FIG. 3 is a diagram showing a configuration of a second embodiment of the present invention.

FIG. 4 is a diagram showing a configuration of a third embodiment of the present invention.

FIG. 5 is a diagram for explaining the operation of the third embodiment of the present invention.

FIG. 6 is a diagram showing a configuration of a conventional semiconductor memory device.

FIG. 7 is a diagram showing a configuration of a memory cell of a conventional semiconductor memory device.

FIG. 8 is a diagram showing a configuration of another conventional semiconductor memory device.

FIG. 9 is a diagram showing a configuration of a memory cell of another conventional semiconductor memory device.
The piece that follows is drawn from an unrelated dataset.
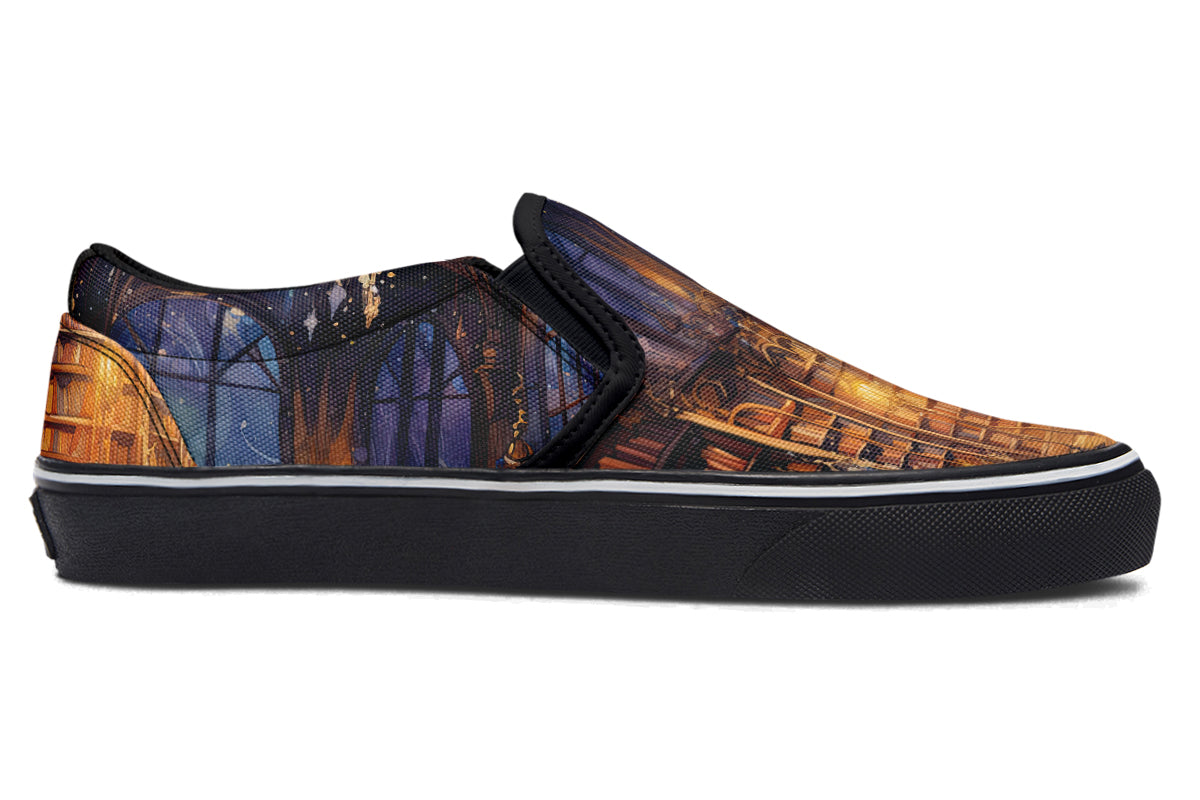 Bibliotheca Slip Ons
FIG. 10 is a diagram showing a configuration of another conventional semiconductor memory device.

11 is a diagram showing the structure of another conventional semiconductor memory device of FIG.

[Description of Reference Signs] 1 memory cell, 2 and 3 access gate transistors, 15 Y0 address buffer, 16 Y0 decoder, 17 word line driver, 18, 19 P-channel transistor, 20, 21 N-channel transistor.

Claims (4)

[Claims] 1. A semiconductor memory device having a memory cell array composed of a plurality of memory cells arranged in a matrix in a column and row directions, and a bit line shared by memory cells adjacent in the column direction, and A semiconductor memory device comprising word lines alternately selected for respective memory cells in a column direction. 2. The semiconductor memory device according to claim 1, wherein the bit line is a complementary bit line, and the word line is a set of two sandwiching each memory cell. 3. The semiconductor memory device according to claim 1, wherein the bit line is a single bit line and is shared by odd-numbered memory cells and even-numbered memory cells. 4. The circuit according to claim 1, further comprising a circuit for selectively controlling a word line according to a bit line selection signal.
4. The semiconductor memory device according to claim 3.